Latihan gabungan terakhir Malindo Darsasa 8 AB (latihan gabungan Malaysia-Indonesia darat samudera angkasa) di Medan yang berlangsung dari tanggal 7 sampai dengan 12 Juni 2013 melibatkan sekitar 1.800 prajurit pasukan khusus kedua negara, Indonesia 1.500 dan Malaysia 300 prajurit. Kebiasaannya memang begitu, lebih banyak tuan rumah, sama jika Malaysia yang jadi tuan rumah. Latgab Malindo Darsasa 7AB tahun 2010 di Malaka Malaysia diikuti 1.900 prajurit juga dari pasukan khusus kedua negara, Indonesia 500 prajurit, Malaysia 1.500 prajurit.

Sesungguhnya kegiatan latihan gabungan antar negara menyiratkan dan menyuratkan kedekatan hubungan antar negara dan hubungan militernya. Begitulah yang terjadi dengan hubungan pertemanan Indonesia dan Malaysia sampai lepasnya Sipadan dan Ligitan tahun 2002 melalui Mahkamah Internasional. Bersamaan dengan itu kondisi militer RI sejak tahun 1999 melakukan operasi militer besar-besaran di Timor Leste, Aceh dan Maluku. Tiga hotspot ini merupakan tugas berat yang harus dijalankan tentara Indonesia dengan mengerahkan hampir 80 ribu pasukan dan alutsista segala matra, belum lagi embargo persenjataan militer. Merasa diatas angin Malaysia mengambil keuntungan dari kondisi ini dengan melakukan show of force, mula-mula di sekitar Sipadan dan Ligitan.

Puncaknya adalah manuver angkatan laut Malaysia di Ambalat tahun 2005 dengan melakukan penyerangan kepada pekerja di Karang Unarang. Ini menyadarkan Indonesia bahwa hubungan pertetanggaan khusus dengan jiran sebelah itu harus ditata ulang kembali terutama dalam membangun pagar halaman. Soalnya pohon mangga di pojok halaman samping kok seenaknya dipanjat sendiri padahal kita yang menanam sejak lama. Untuk meminimalisir pencuri mangga tadi dibuatkanlah sarang tawon berkemampuan sengat sehingga si maling berhitung ulang untuk memanjat dan mengambil buahnya. Begitu konsep dasarnya.

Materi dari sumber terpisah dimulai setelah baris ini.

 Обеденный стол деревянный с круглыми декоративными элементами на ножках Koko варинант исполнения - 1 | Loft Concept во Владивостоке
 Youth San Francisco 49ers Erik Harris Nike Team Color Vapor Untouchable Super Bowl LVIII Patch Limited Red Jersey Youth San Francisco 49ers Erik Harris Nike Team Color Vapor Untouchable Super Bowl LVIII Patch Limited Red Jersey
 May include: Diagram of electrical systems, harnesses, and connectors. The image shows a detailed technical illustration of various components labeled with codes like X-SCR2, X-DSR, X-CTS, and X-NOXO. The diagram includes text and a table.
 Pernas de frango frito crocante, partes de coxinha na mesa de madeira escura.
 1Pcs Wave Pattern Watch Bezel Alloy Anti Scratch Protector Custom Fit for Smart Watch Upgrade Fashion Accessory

Maka dengan keputusan strategis Pemerintah dan DPR dengan dukungan mayoritas rakyat Indonesia dimulailah proyek perkuatan alutsista TNI bernilai US S 15 Milyar untuk masa 2010-2014. Hasilnya kalau sebelum tahun 2013 ini ada kalimat yang menyenangkan: tiada hari tanpa belanja alutsista, maka hari-hari di depan mata ada kalimat yang lebih menyenangkan lagi : tiada hari tanpa kedatangan alutsista baru.

Meski provokasi Ambalat terjadi, setahun kemudian tetap dilakukan latihan gabungan Malindo Darsasa 6 AB dimana Indonesia sebagai tuan rumah. Latgab Malindo Darsasa tahun 2006 merupakan Latgab terbesar yang diikuti 5.000 prajurit dengan kontribusi terbesar dari TNI dengan kekuatan 3.900 tentara, sisanya prajurit ATM. Geladi lapangan yang berlangsung di Singkawang Kalbar tanggal 1-10 Juli 2006 dengan mengerahkan sejumlah alutsista untuk serangan udara langsung dan serbuan pantai dengan kekuatan tank amfibi.

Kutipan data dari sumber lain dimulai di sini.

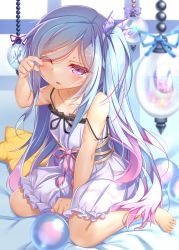 Rule 34 | 1girl, arm up, bare arms, bare shoulders, barefoot, bed sheet, between legs, blue hair, blue ribbon, blurry, blush, collarbone, commentary request, depth of field, dress, drooling, duel monster, frilled dress, frills, full body, gradient hair, hair ornament, highres, long hair, looking at viewer, miyajima (anthem-anthem), multicolored hair, one eye closed, one side up, open mouth, parted bangs, pink hair, purple eyes, purple ribbon, ribbon, rilliona (yu-gi-oh!), rubbing eyes, short dress, sitting, solo, spaghetti strap, strap slip, streaked hair, very long hair, waking up, wariza, white dress, witchcrafter madame verre, yu-gi-oh!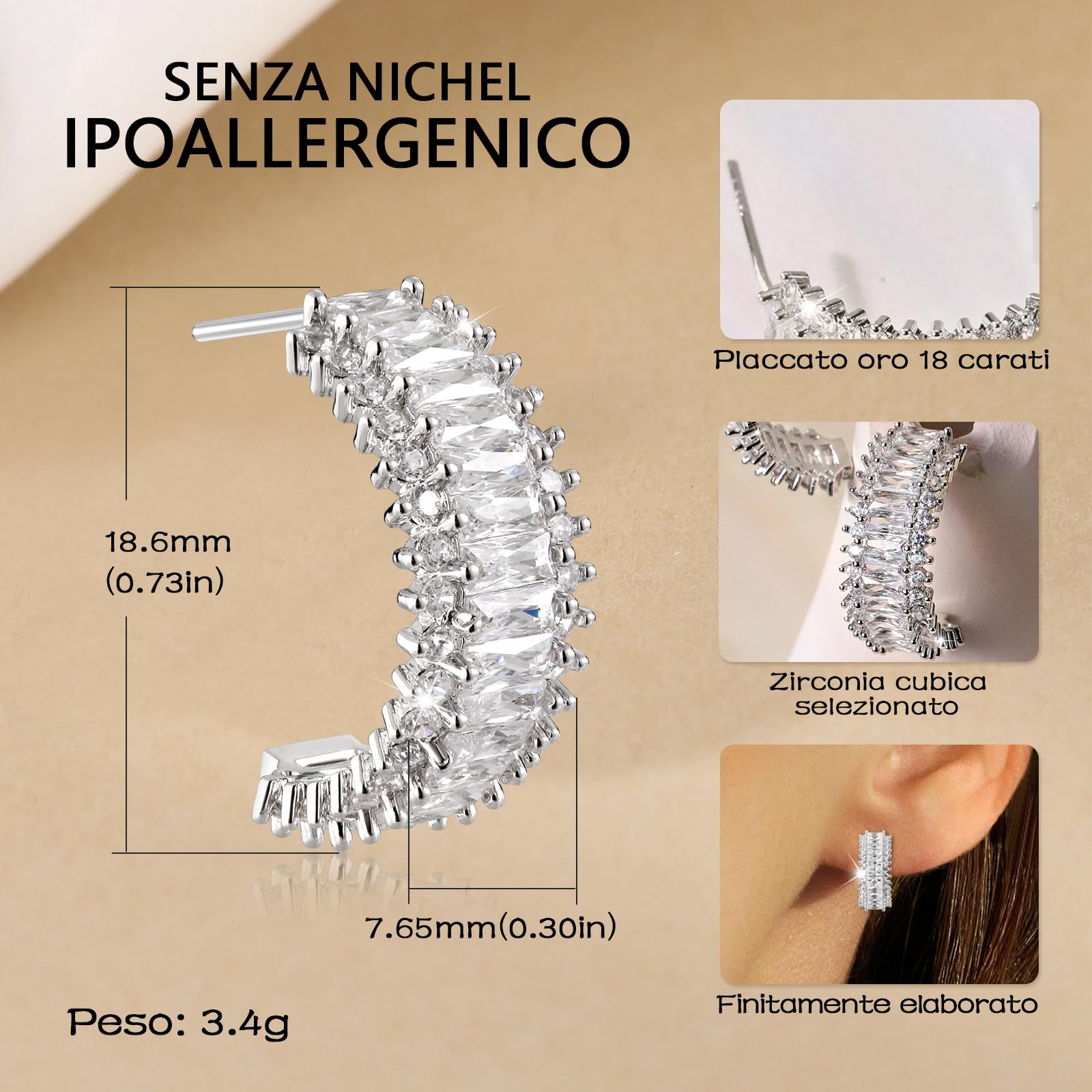 Orecchini Richapex da donna con zirconi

Yang unik dalam Latgab ini adalah untuk serangan udara langsung dilakukan serial alias bergantian, 4 Hawk TNI AU duluan melakukan serangan disusul dengan oleh F-18 Hornet Malaysia, kemudian penerjunan pasukan dengan 9 Hercules Indonesia dan 3 Hercules Malaysia. Nah untuk serangan amfibi seluruhnya dilakukan oleh marinir Indonesia dengan 7 KRI dan puluhan alutsista amfibi menyerang pantai Kura-Kura Singkawang. Bukan apa-apa karena jiran sebelah tidak punya pasukan marinir yang berkemampuan serbuan pantai.

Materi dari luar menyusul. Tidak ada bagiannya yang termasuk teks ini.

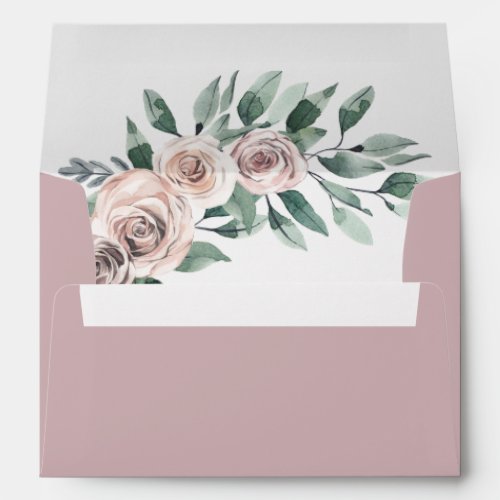 Dusty Mauve Boho Chic Rose Greenery Floral Wedding Envelope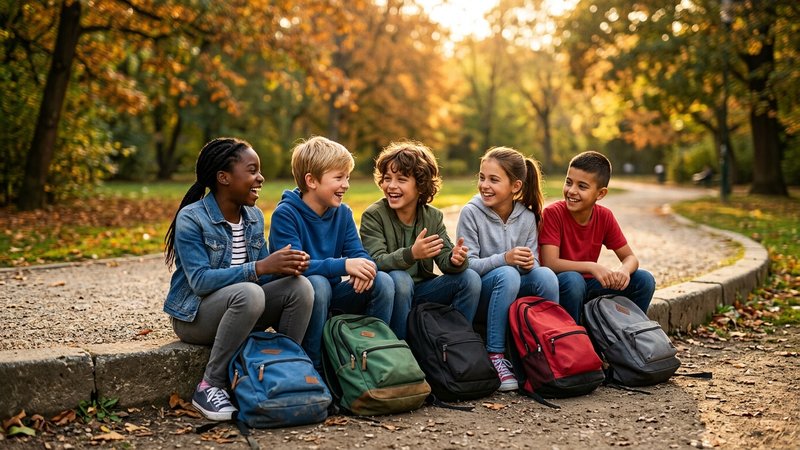 Un grupo de niños de unos once años riéndose y charlando sentados en el bordillo de un parque, con las mochilas en el su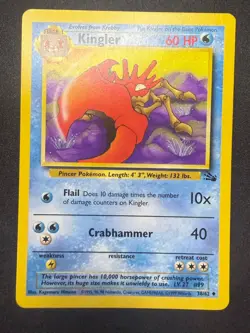 Kingler 38/62 | Fossil Set Unlimited Vintage 1999 | Pokemon Card - LP - Image 1
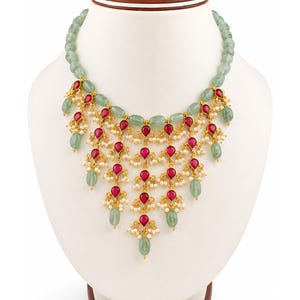 Ruby Green Stone Necklace Set, Statement Bridal Jewelry, Gold Wedding Necklace with Earrings, Boho Luxury Jewelry Gift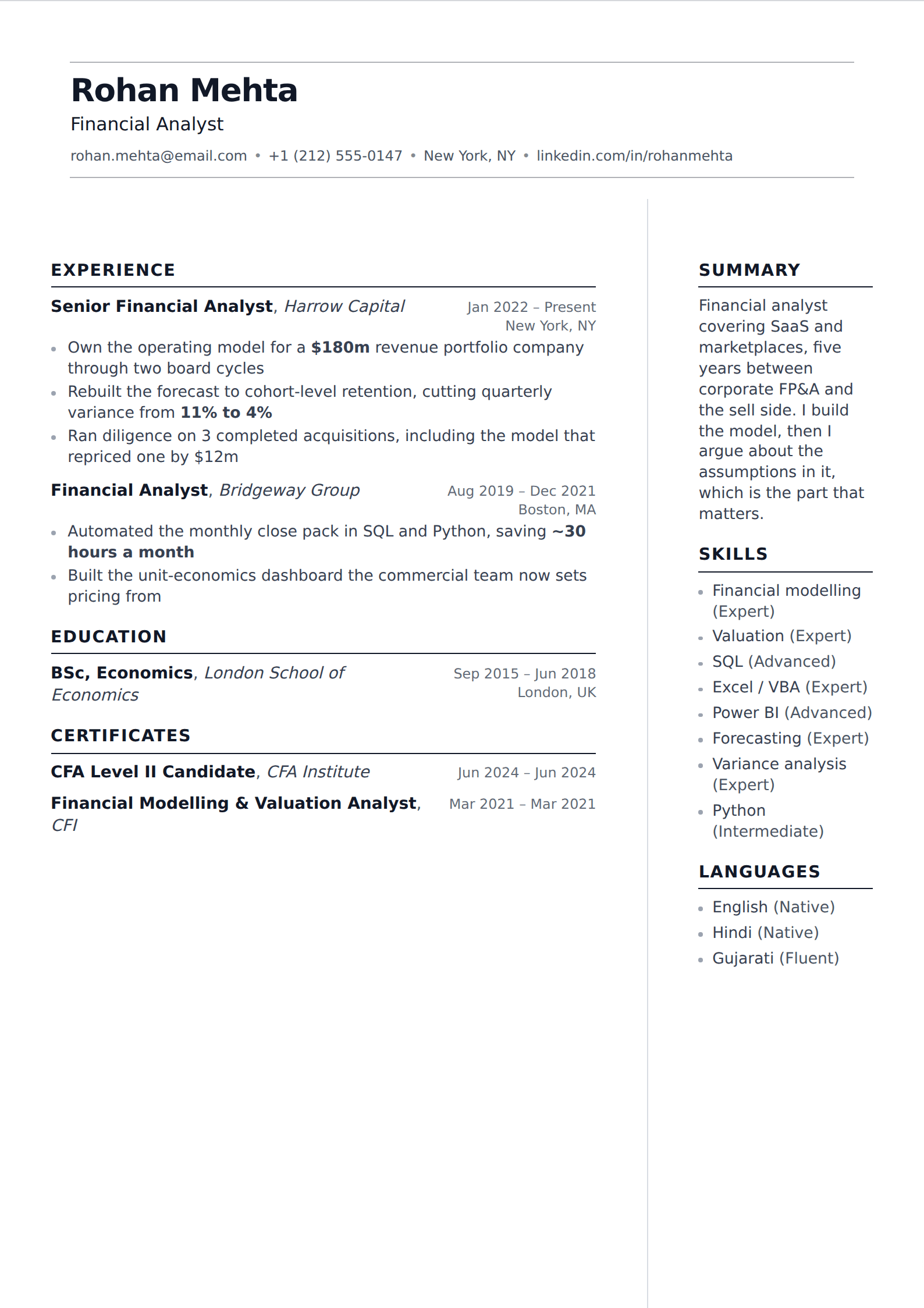 Ridge resume and CV template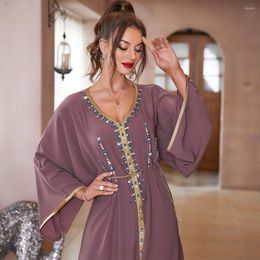 Ethnic Clothing Muslim Modest Dress For Women Hand-sewn Drill Dubai Abaya Long Sleeve Middle East Moroccan Kaftan Woman Islamic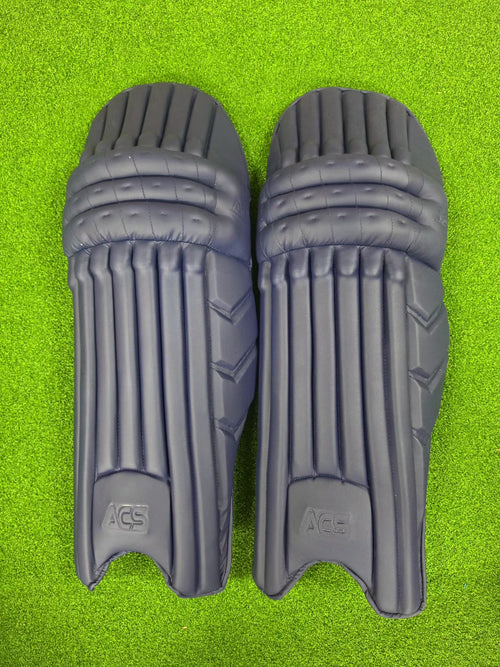 ACS Player Edition navy blue batting pads – front view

Inilah Latgab terbesar dalam pengerahan jumlah pasukan dan alutsista karena setelah itu baik pada Latgab 7AB di Malaka dan 8AB yang diadakan di Medan jumlah peran serta berkurang, baik jumlah pasukan yang hanya 1800 an dan tema latgab bergeser menjadi operasi anti teroris, tidak ada pengerahan pasukan secara besar-besaran. Boleh jadi karena urgensi atau kepentingan utama dari porsi latihan itu adalah untuk tema kontemporer, melawan teroris. Tetapi bisa jadi juga karena merasa tak perlu lagi bagi kita untuk melakukan latihan militer yang sesungguhnya yaitu operasi militer gabungan berupa serangan udara dan serbuan pantai sebagaimana yang terakhir kali dilakukan di Singkawang.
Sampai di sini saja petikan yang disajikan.